Overview of the BISE Student publication process

3 By the IS Community, for the IS Community

BISE Student was not just built to enable students to publish their theses but as an asset for the information systems (IS) research community at large. By giving student theses a dedicated platform in the extensive IS research space, the newly created knowledge becomes more visible and, therefore, accessible and usable for the entire IS community. The consolidation of student works also holds the potential to accelerate theses contributions by allowing authors to stand on the shoulders of their fellow students, rather than answering the same research questions or collecting similar data over and over. Published theses might also provide methodological guidance by showcasing different approaches to similar research goals. Like conference contributions, recently published theses could even serve as an indicator for new and upcoming research trends. However, the critical prerequisite for all of this to happen is the actual publication and accessibility of theses. To this end, the tailored publication process of BISE Student helps to minimize process barriers (process overhead and cost) and incentivize students to publish their theses. The implementation based on DLT and distributed data storage creates high process transparency and data availability, which will foster users’ trust in the platform and published theses and creates a long-term perspective for the sustainable operation of the platform. However, this perspective based on decentralization also requires participation.

As a project envisioned from the IS research community for the IS research community, everyone interested in BISE Student can participate and contribute in various ways. First and foremost, the biggest value of a publication repository is the provided knowledge base. It is key to build up and continuously extend the number of publications, community awareness and active engagement. By reading this editorial, the first step is already taken, which is learning about the project. Spreading the word, actively using the platform, and encouraging fellow researchers and especially students to visit and use the platform are the next steps forward. Every one of us in the IS community is an important part of the scientific advancement. Another way of participating is to support the BISE Student infrastructure by sharing computational, network, and storage resources. The decentralized approach allows to simply setup an IPFS node and join the BISE Student collaborative storage cluster. The cluster automatically mirrors the entire thesis library to the participating nodes, which in turn burden a share of the overall download traffic and provide additional resilience for the system. Participation is also possible by supporting the bloxberg blockchain. Bloxberg invites any research organization to become a member of their global blockchain initiative and host one of the network’s validator nodes (Kleinfercher et al. 2022). In doing so, not only BISE Student will benefit but also an increasing number of scientific applications running on the bloxberg blockchain. The future development of the BISE Student envisages a continued increase of the platform’s degree of decentralization and therefore allows for even more community participation. This includes the implementation of an open community-based governance structure that comprises editorial and development decisions. For example, the community will be able to decide on the publication of theses, award outstanding publications, and vote on novel platform features. Moreover, the codebase of BISE Student will be migrated into an open-source project that allows the community to maintain and evolve the platform. More information on these forthcoming and the currently available ways of partaking in the project can be found in the BISE Student whitepaper (Sturm et al. 2022).

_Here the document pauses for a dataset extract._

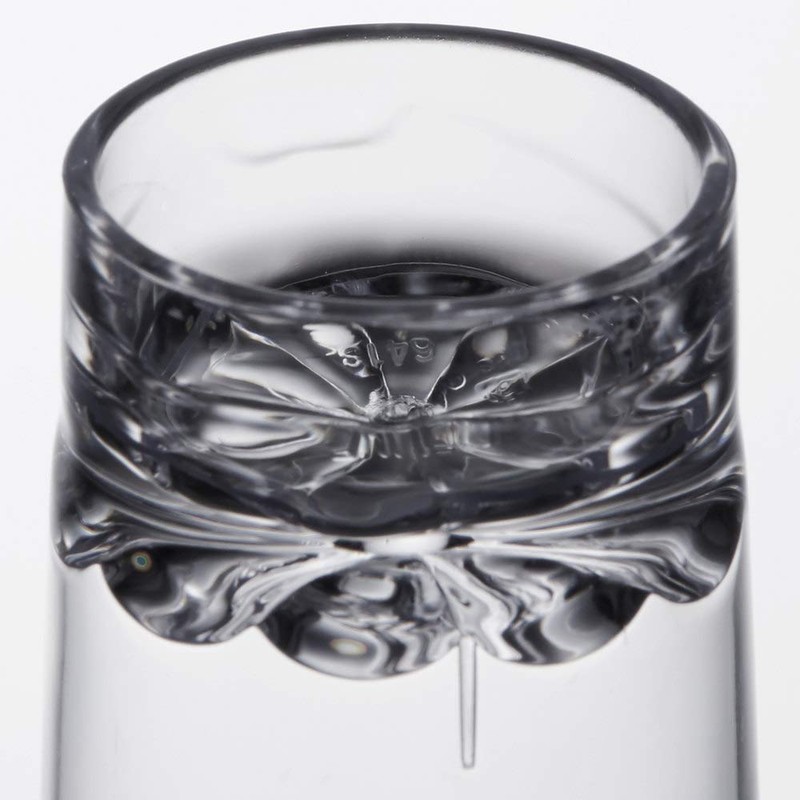 Fineline Settings Clear Plastic Cordial Shot Glasses-2 oz | Tiny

The creation, dissemination, and expansion of knowledge are the core responsibilities of science. We believe that shedding light on the extensive knowledge base that student theses offer has the potential to make a substantial contribution to the IS community, open scientific work, and to the democratization of knowledge. BISE Student can be seen as a venture for tapping this knowledge base and taking an open and welcoming approach towards the next generation of researchers, may they choose a career in academia or not. Bringing together an active community of supporters will turn this venture into a true IS community effort.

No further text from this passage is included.